I have noticed over the years that I do have a tendency to insert myself too much into my kids’ lives. I don’t have much patience, so it’s difficult for me to watch young fingers struggle to cut out a shape without just grabbing the scissors and saying, “Here. Let me help.” Some parents are great at letting their kids figure it out, watching kids struggle in the kitchen as they place the flour in the measuring cup, spilling half of it on the floor in the process. I aim to be more like those moms all the time. Sometimes, I even succeed.

This idea of Parental Help came home to me after a weekend spent at a Destination Imagination competition. Here’s a lovely photo of my daughter’s improvisation team. I’m their Team Manager.


Destination Imagination has a strict No Interference policy for teams. Here’s an example of how the No Interference rule woks (from the New Hampshire DI site):

If someone not on the team, including a Team Manager, builds or creates an item using the team’s idea, they may not use that item. The team must start over and build it themselves in their own way. If someone not on the team, such as a Team Manager or a parent, tells the team how to do something, whether they are building something new or just practicing their Presentation, the team must politely tell that person to let them do it themselves.

I’m sure you can imagine how hard it is for adults to zip their lips and let the kids find a solution for themselves.
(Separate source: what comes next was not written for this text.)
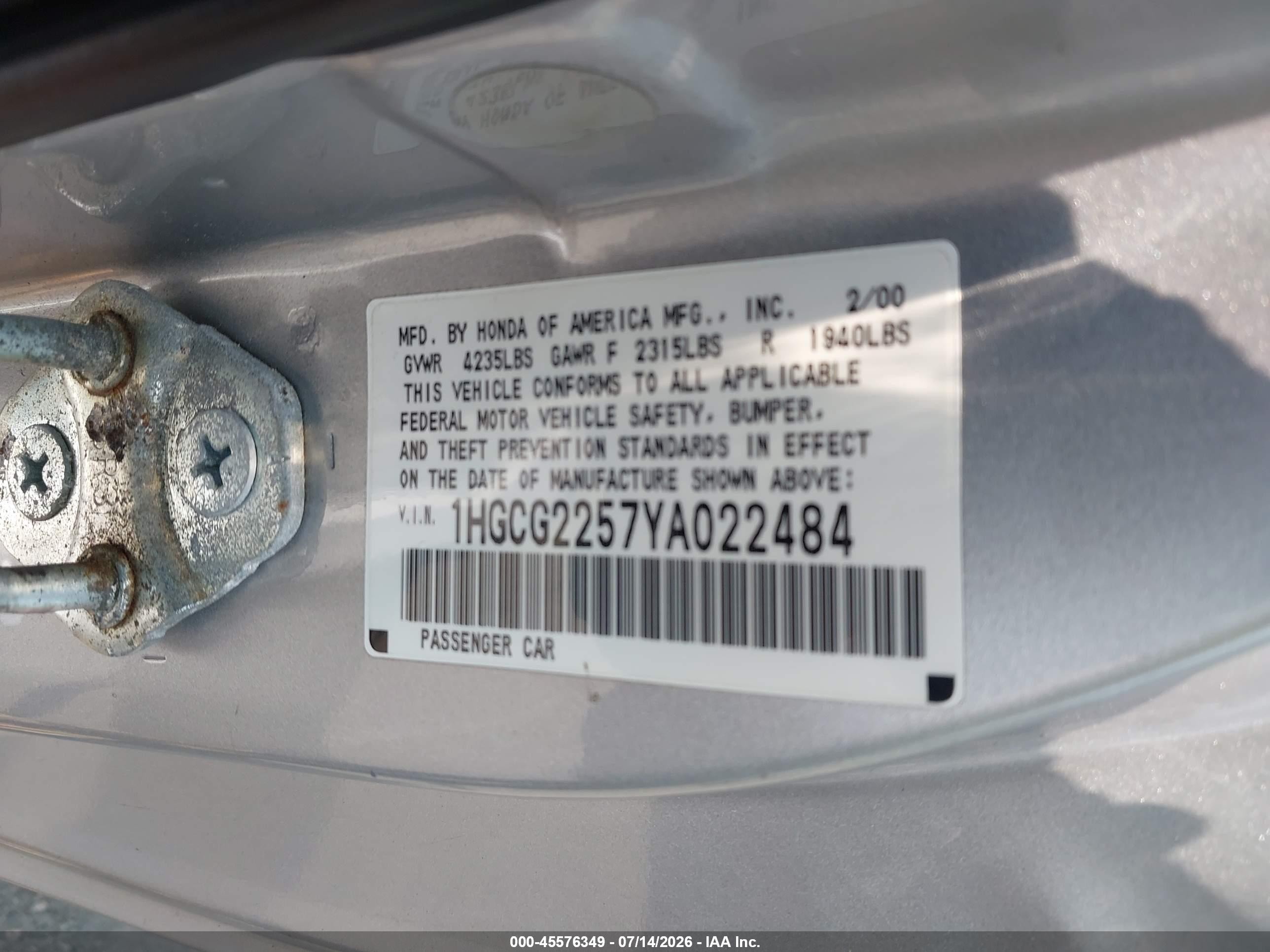 2000 Honda Accord 3.0 Ex Silver vin: 1HGCG2257YA022484
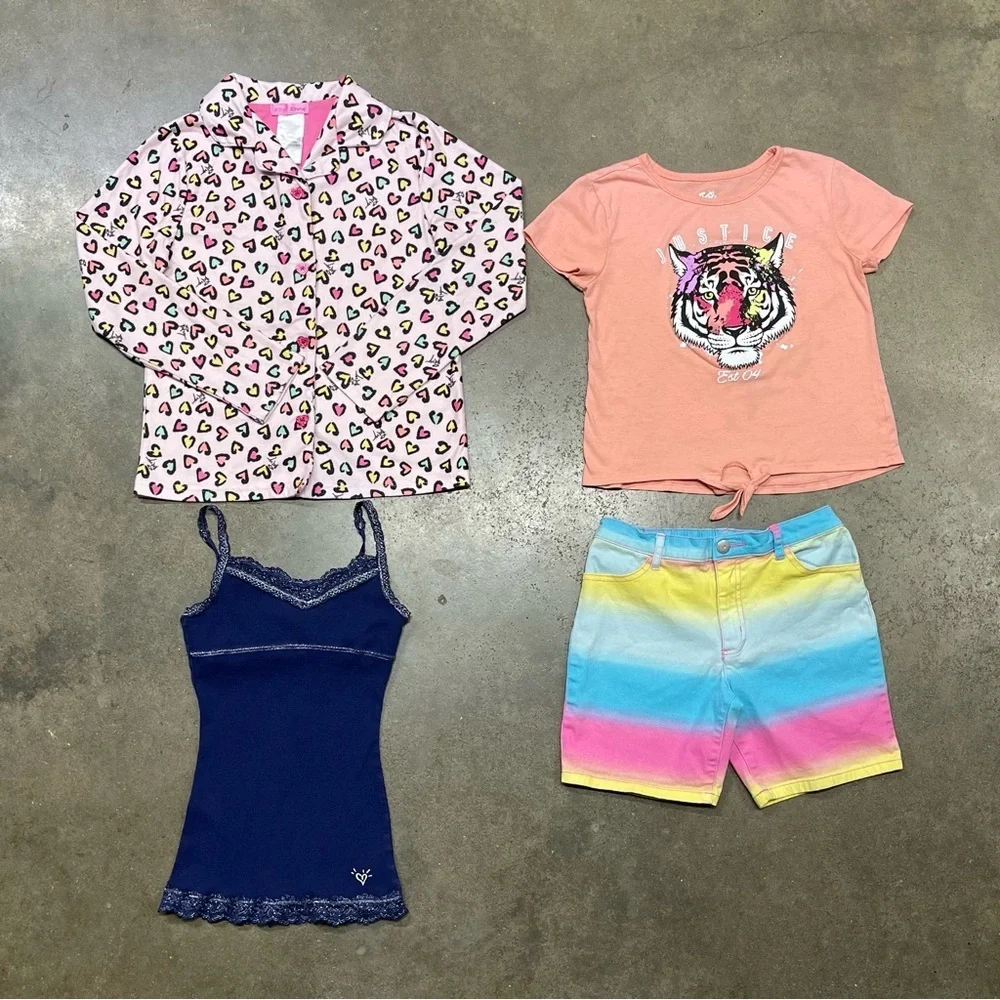 Girls Clothing Lot Justice Wonder Nation Betsy Johnson Leggings Tops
I’ve heard of Team Managers who had to take a walk around the building to avoid telling a team that a particular method of assembling expensive materials was not only not going to work, it was going to destroy said expensive materials. No Interference.

What if we parents exhibited a bit more of the “zip your lip” approach to our kids and their projects? What would the school’s science fair look like if parents really didn’t do 95% of the projects for kids? What would the robotics competition look like if there were no “Daddybots” (the ones built by dads on a team of young beginners who obviously lack the skills necessary to create these work-of-art machines)? What would happen if we – gasp – let our kids make their own costumes for History Day?

I suspect that if we embraced the No Interference rule with our kids, there would be a lot of train wreck projects showing up in schools. Ha. But I think if we became Lip Zippers, we would go a long way towards minimizing that achievement gap everyone’s always so worried about. Our kids don’t need more papers and tougher tests. They need to inhabit the world of “Let’s figure this thing out.”